Soundproof windows can come in extremely handy depending on what area of the globe you live in. Residing in a secluded home deep in the forest wouldn’t require the need for windows to be soundproofed. On the opposite hand, living in the heart of New York City where the noise is never-ending or even a busy side street in Nashville, Tennessee, might motivate you to research the benefits of purchasing a few soundproof windows for a better night’s sleep.
Soundproof windows aren’t the “fix-all” for days you can’t seem to find some peace and quiet. These windows help minimize the unwanted sounds happening outside, but don’t completely mute every frequency. There are, however, some steps you can take to help your soundproof windows do their job. We have listed some ways to help below.
Behind the Noise
There are two different ways that noise typically travels. One way is through the air and the other is through materials. The most common way external noise is measured is by the Sound Transmission Class (STC). Most windows today have STC ratings and a common number to see is 26. The glass used in many common windows is typically 3mm thick. Purchasing a window with multiple window panes will increase the sound resistance from outside.
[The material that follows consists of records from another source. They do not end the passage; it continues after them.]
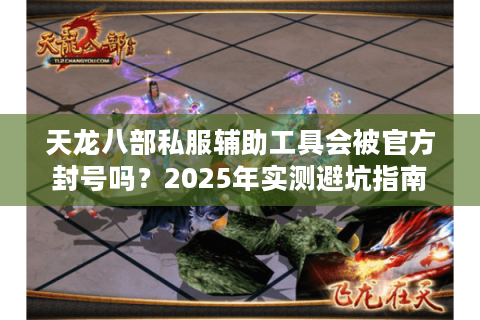 天龙八部私服辅助工具会被官方封号吗?2025年实测避坑指南 天龙八部私服辅助工具会被官方封号吗?2025年实测避坑指南
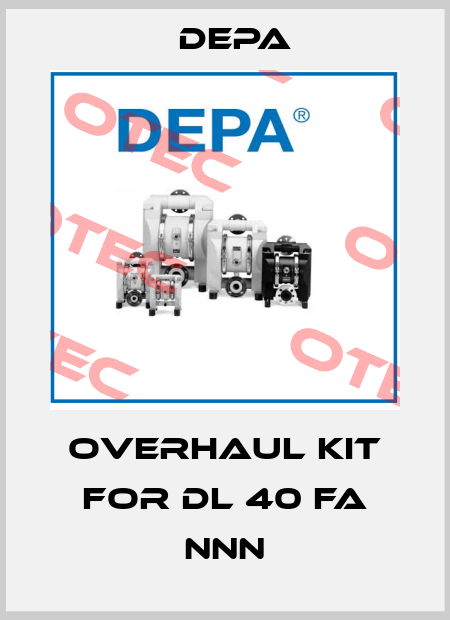 overhaul kit for DL 40 FA NNN Depa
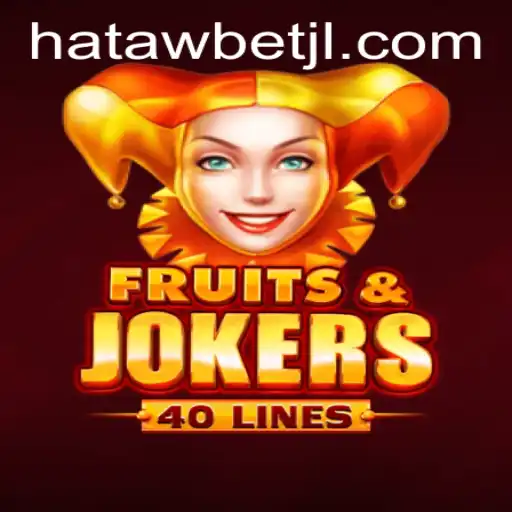 Exploring FruitsAndJokers40 with Hatawbet: A Comprehensive Guide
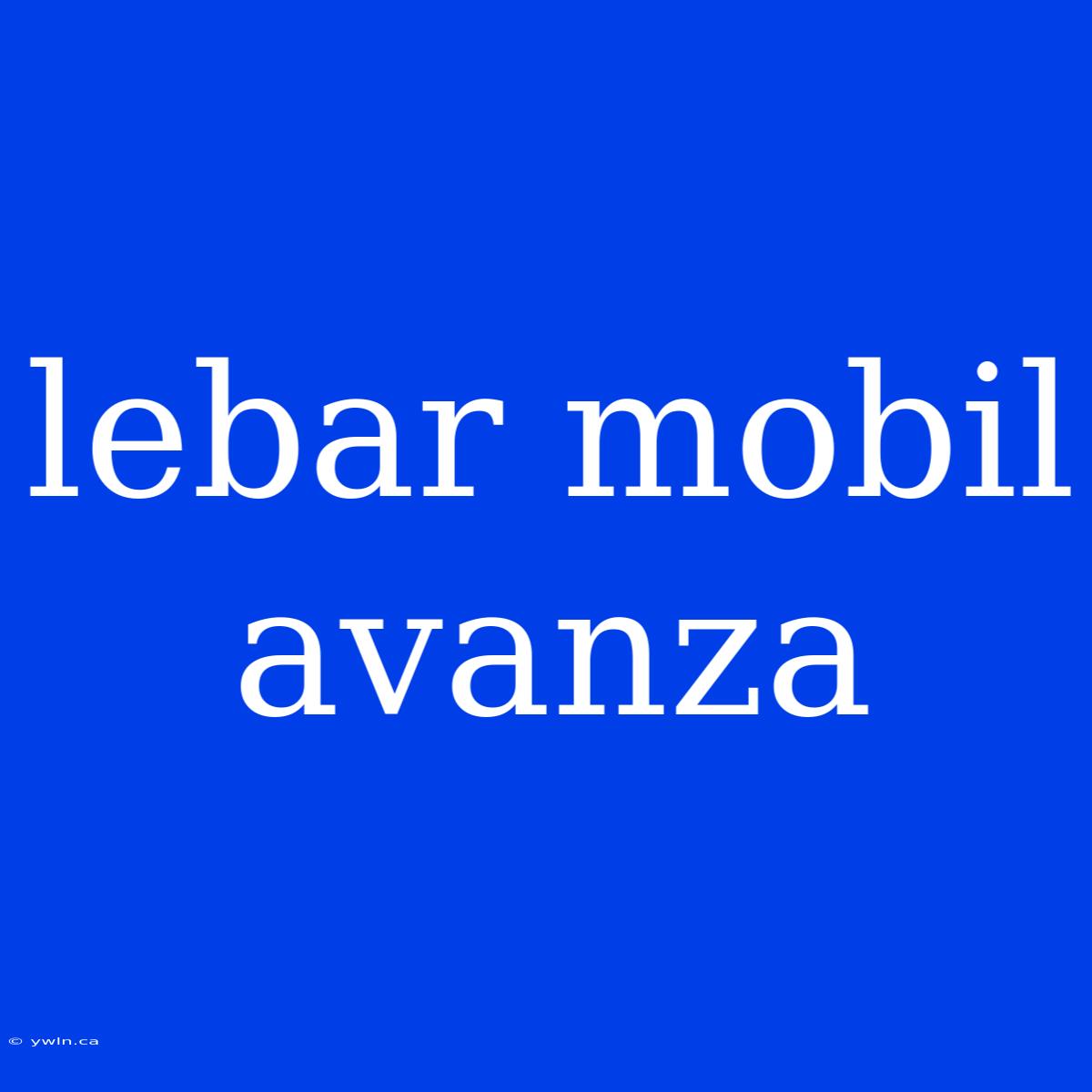 Lebar Mobil Avanza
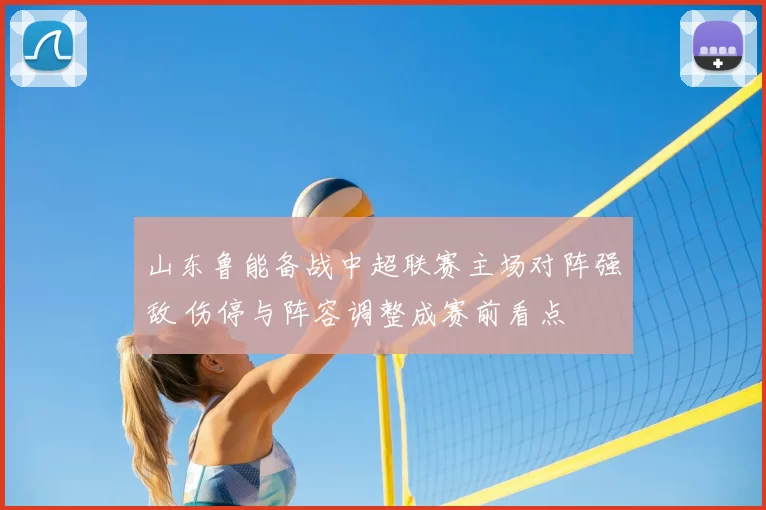 山东鲁能备战中超联赛主场对阵强敌 伤停与阵容调整成赛前看点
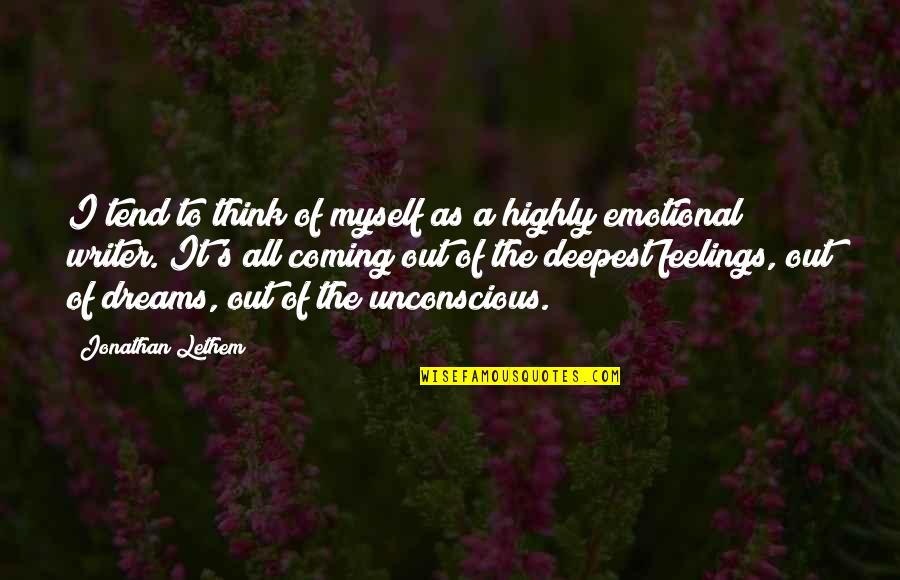 Kogut Hemlock Quotes By Jonathan Lethem: I tend to think of myself as a Kogut Hemlock Quotes By Jonathan Lethem: I tend to think of myself as a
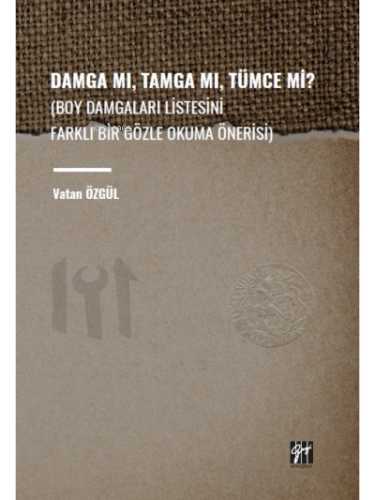 Damga Mı, Tamga Mı, Tümce Mi?;(Boy Damgaları Listesini Farklı Bir Gözle Okuma Önerisi)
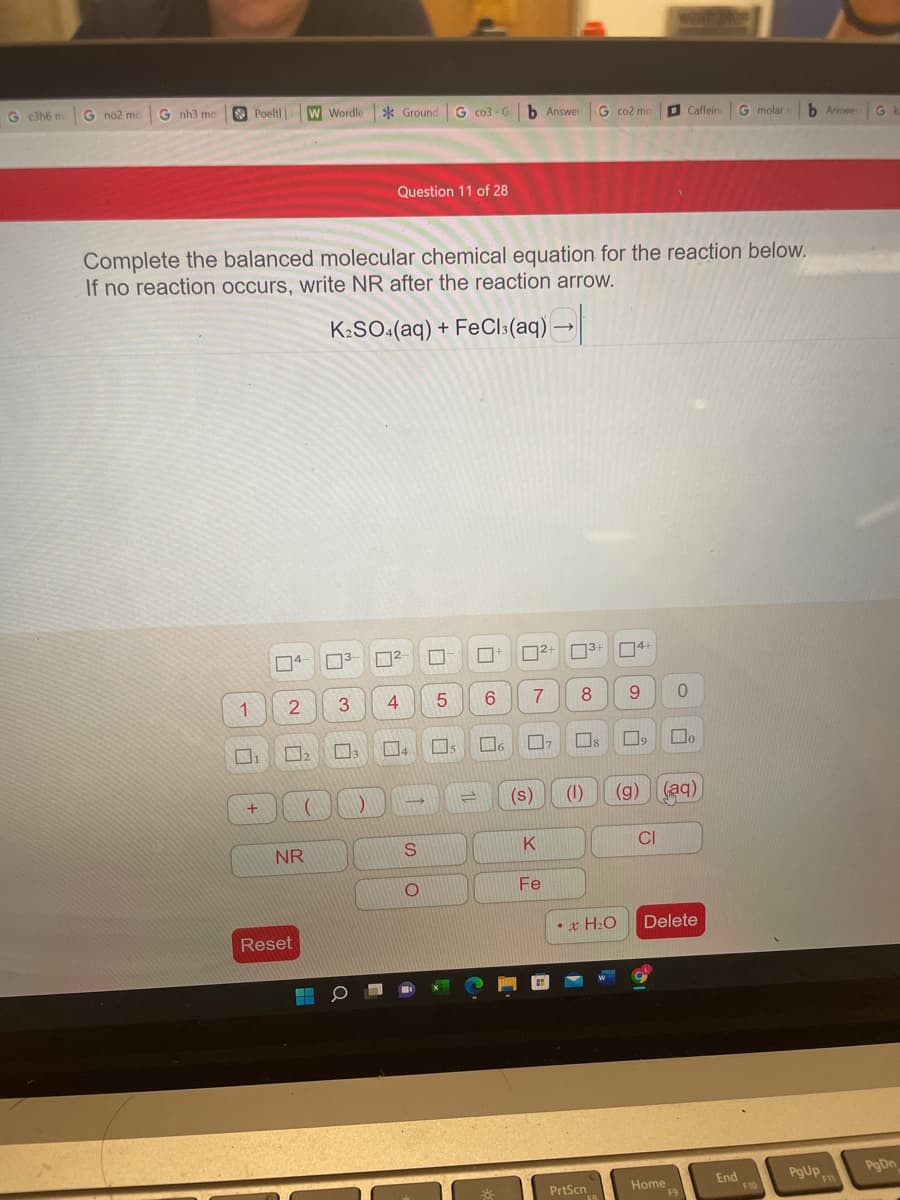 G c3h6 m
G no2 mo
G nh3 mo
O Poelt
W Wordle
* Ground G co3 - G b Answer
G co2 mo
O Caffein
G molar
b Answer
Gk
Question 11 of 28
Complete the balanced molecular chemical equation for the reaction below.
If no reaction occurs, write NR after the reaction arrow.
K:SO:(aq) + FeCls(aq) →
12+ 3+ 4+
1
3
4
6.
7
8
9.
口2
Do
14
(s)
(1)
(g) (aq)
K
CI
NR
Fe
•x H2O
Delete
Reset
PgUp
PgDn
Home
F9
End
F10
F1
PrtScn
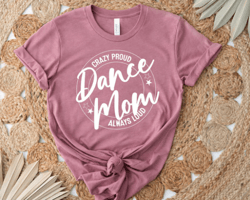 Crazy Proud Dance Mom Always Loud PNG, Dance Mom PNG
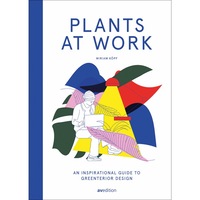 Plants at Work - Miriam Koepf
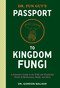 Dr. Fun Guy's Passport to Kingdom Fungi (A Scientist's Guide to the Wild and Wonderful World of Mushrooms, Molds, and More) by Dr. Gordon Walker, Eugenia Bone, 9781984861795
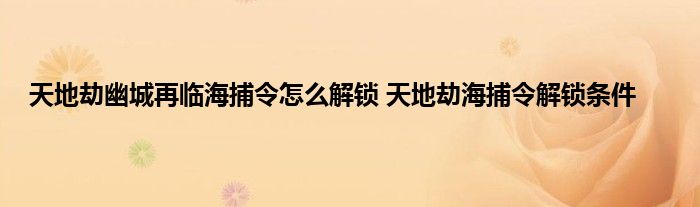 天地劫幽城再临海捕令怎么解锁 天地劫海捕令解锁条件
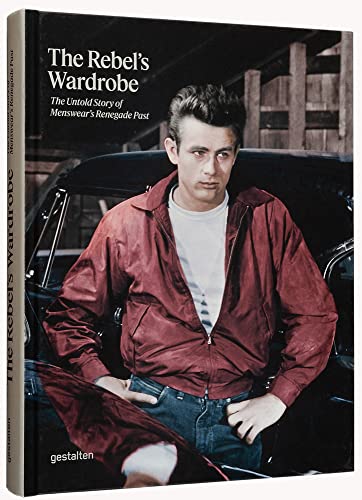 Beispielbild fr The Rebel's Wardrobe: The Untold Story of Menswear's Renegade Past zum Verkauf von Monster Bookshop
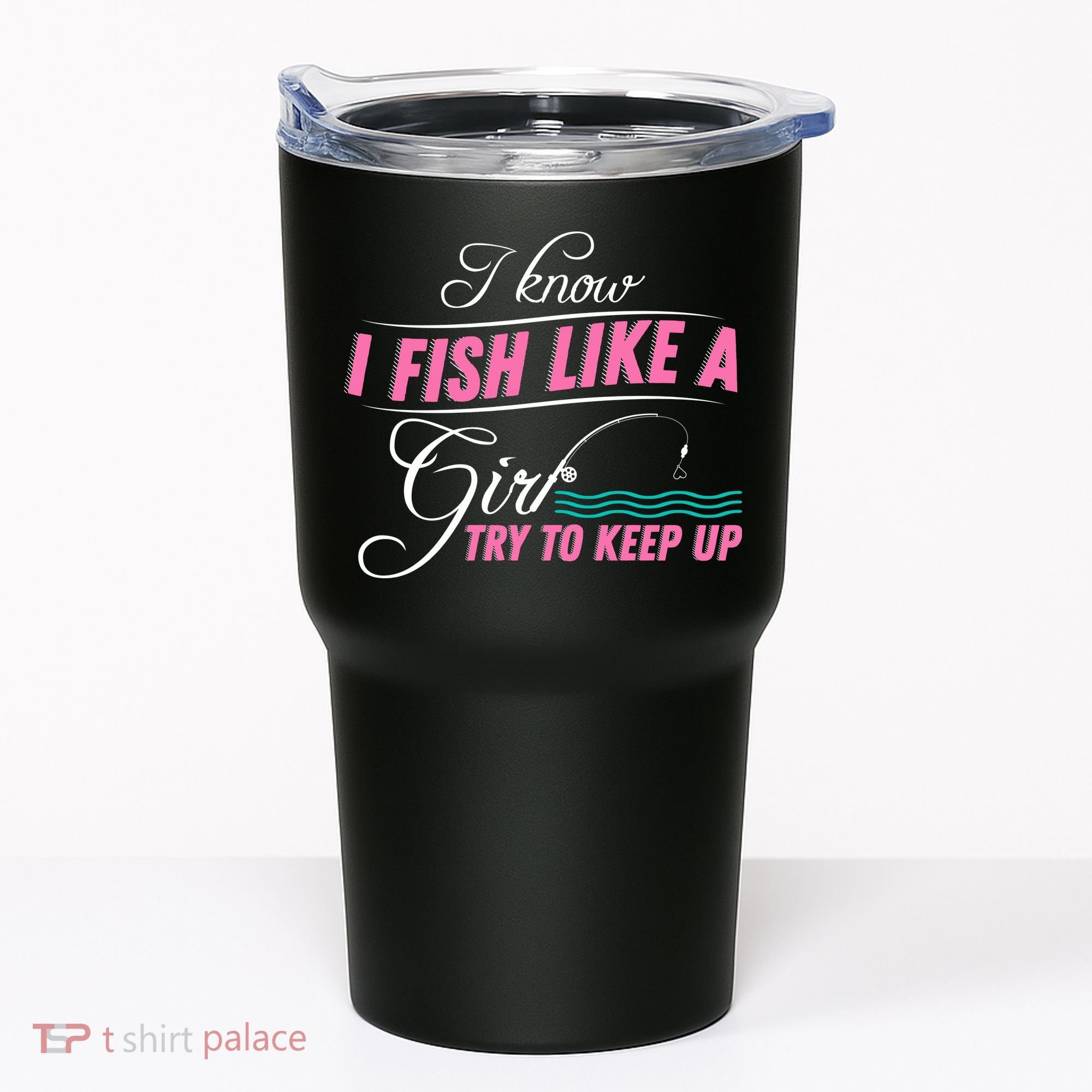 Fish Like A Girl Try To Keep Up Tumbler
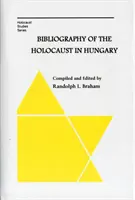 A magyarországi holokauszt bibliográfiája - Bibliography of the Holocaust in Hungary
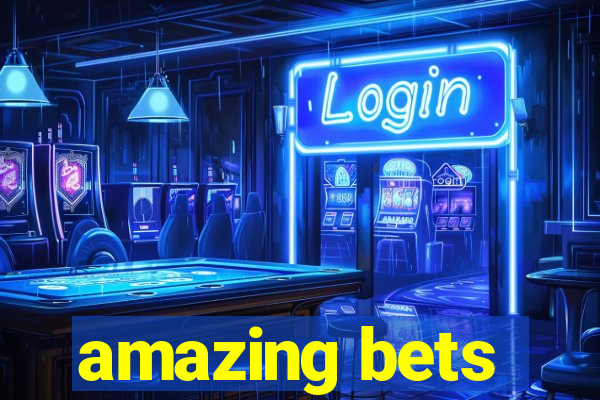 amazing bets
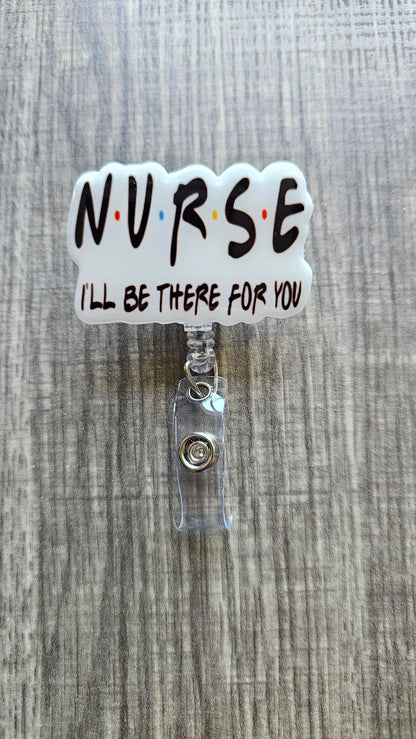 Friends Nurse Badge Reel | I'll Be There For You Badge Holder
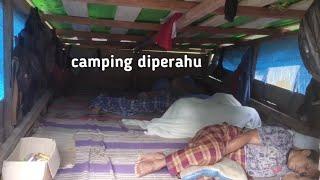 camping hujan deras diperahu besar tidur nyenyak sampai pagi dan makan enak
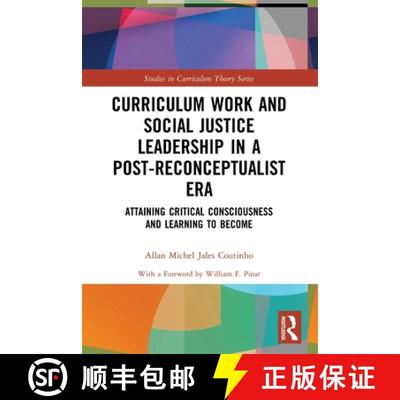 【3-4周达】Curriculum Work and Social Justice Leadership in a Post-Reconceptualist Era: Attaining Cri... [9781032037127]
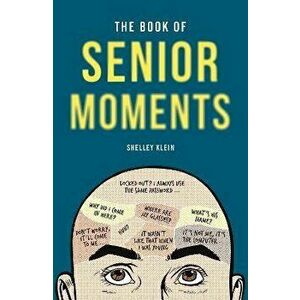 Book of Senior Moments, Paperback - Shelley Klein imagine
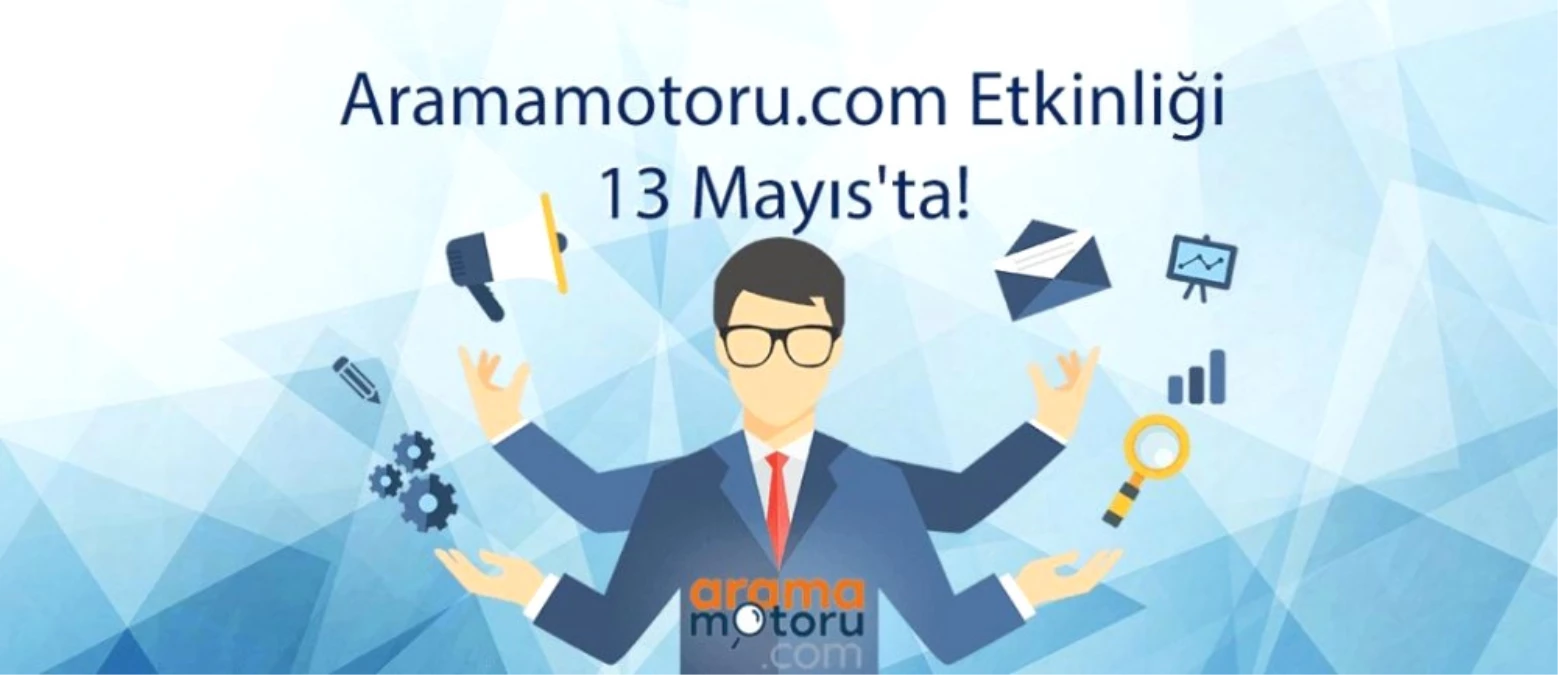 Aramamotoru.com Etkinliği 13 Mayıs\'ta İstanbul\'da Gerçekleşecek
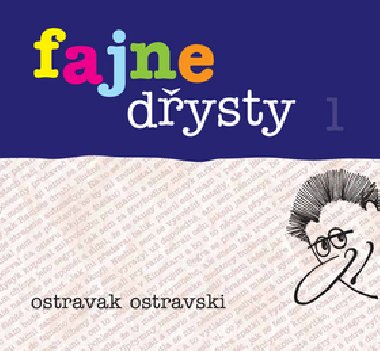 FAJNE DYSTY - Ostravak Ostravski; Richard Vako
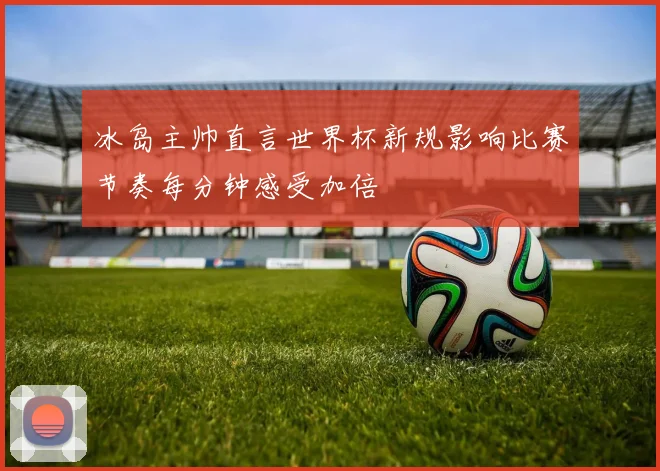 冰岛主帅直言世界杯新规影响比赛节奏每分钟感受加倍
So how do these windows work? In order to reduce the sound, a window works by slowing the transfer of sound waves. The quicker the sound travels, the louder it may seem. When the transfer is slowed down, the frequency won’t be as loud. Another way to reduce the sound transfer is by absorbing it. Windows can be built to do this by increasing the air space between glass panes or the thickness of the glass.
There are many different ways to improve the sound-proofing in your building in regards to the windows. The first, most obvious option would be to invest in a double or triple-pane window versus a single. The upgrade from single to double allows for more space to capture the sound frequencies and reduce sound pollution in your building.
Single, Double or Triple-Pane?
So which one is best; single, double or triple-pane? Single-pane windows are less likely to reduce sound because they don’t provide as much space and glass as a double or triple-pane window would. A double-paned window is a bit better but the most efficient window you could buy to prevent sound would be a triple-pane window. More glass allows more space for sound absorption.